Après plus de huit heures de trajet, nous arrivons enfin à La Fibule du Drâa.
Lahcen Sarti nous fait visiter la fibule, on s’imprègne doucement de l’atmosphère. Devant une vieille carte jaunie de la région où quelques photos aux couleurs
évanouies sont épinglées, nous découvrons notre marche. 6 nuits à dormir à la belle étoile, au plus près de notre terre.
22h30, une 4x4 poussiéreuse nous emporte enfin vers notre première nuit sous les étoiles.
Nous débarquons fatigués, au milieu de nulle part dans un reg perdu. Nous faisons connaissance avec Brahim, notre guide et cuisinier. La tente est montée
Il prépare une tajine pendant que Laurie et moi luttons pour ne pas fermer les yeux. On s’enroule dans nos sacs, il doit être 2 heures du matin..
Vendredi...
Les dromadaires d’abord
Les chant des oiseaux ensuite
Je vais à la rencontre de nos trois dromadaires salut matinal. Youssef, notre chamelier apparaît, on se dit bonjour.
Petite ascension pour goûter le paysage montagne de pierres, silence assourdissant, il m’enveloppe lentement. Je me débarrasse de mes lourdeurs citadines et m’ouvre aux
vibrations de notre terre.
Après un petit déjeuner copieux, nous partons pour notre première marche.
Cœur ouvert, les sens éveillés, mouvements invisibles qui m’entourent, mots légers qui farandolent sur les cailloux goûteux.
La piste se rétrécit. Lambeaux de tissus accrochés à une maigre végétation, scarabées aux démarches saccadées dans le Jbel Abbas.
Arrivée dans un petit canyon à l’ombre, à côté d’une gelta où croassent un nombre impressionnant de crapauds
Rituel qui se répétera avant chaque repas tout au long de notre randonnée Brahim dépose un plateau avec nos verres de thé, des biscuits et des cacahuètes
Le soir, c’est un décor de carte postale qui nous accueille, petit oasis où la verdure se pare de belles couleurs. On entend au loin quelques rires portés par le vent, quelques sons de la derbouka ou alors, je
suis peut-être marabouté et un Djinn malin se joue de moi.
La lumière décline, et peint la colline d’un orange ouaté qui invite à la rêverie.

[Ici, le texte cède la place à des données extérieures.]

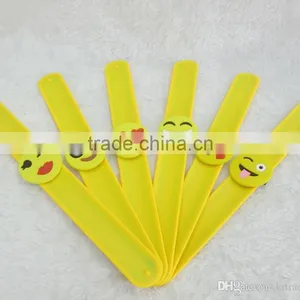 Custom Silicone Slap Snap Ruler Bracelet Wristband Sillicone Slap Wristband thumbnail-5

Le ciel se pare d’étoiles, elles seront les veilleuses de mon corps lourd.
Samedi...
Nous quittons Achkid
Brahim vient vers moi, nous accordons nos pas. Il est guide depuis longtemps, son visage est tanné par la soleil. Il travaille depuis longtemps pour la Fibule.
Papa heureux de trois enfants. J’aime ses silences, nous les laissons grandir entre nous, ils nous enveloppent avec douceur.
Youssef parle beaucoup et s’emporte facilement contre ses dromadaires. Il reste distant tout en nous observant du coin de l’œil. La communication est compliquée, les gestes remplacent les mots.
Les montagnes palpitent leur minéralité, j’écoute et ressent leurs vibrations chantantes
Petit à petit le sentier devient plus sableux, les méchantes pierres pointues se font plus rares. La piste se transforme en erg. Devant nous commencent les dunes. Nouvelle végétation, les Calotropis sortent
de terre, elles indiquent la proximité d’un point d’eau mais attention au latex qui coule de leurs feuilles, il peut rendre aveugle.
Traces de bousiers, traces de lézard, mille signes d’une vie qui grouille dans cet univers pas commode
Pause midi sous un grand Tamaris, ombre bienveillante agrémentée d’une légère brise. Tension qui se relâche.
Les pas s’enlisent parfois dans le sable mou. Le corps peine à trouver son rythme, à harmoniser sa cadence. On glisse.
Laurie souffre, peste sur ce sable glissant, attend avec impatience notre bivouac du soir.
Traces de pneus qui se croisent, se perdent un peu plus loin. On suit presque l’ivresse du chauffeur, sa joie enfantine.
Encore quelques dunes et nous arrivons à l’erg Lmsafi.
Notre takhamt se monte sous un léger vent, on mettra du sable et nos trois Tahaouit pour l’empêcher de s’envoler.
Les dromadaires sont entravés. Mimoun le premier de la caravane, blanc et majestueux sautille vers les épluchures et restes de nos repas.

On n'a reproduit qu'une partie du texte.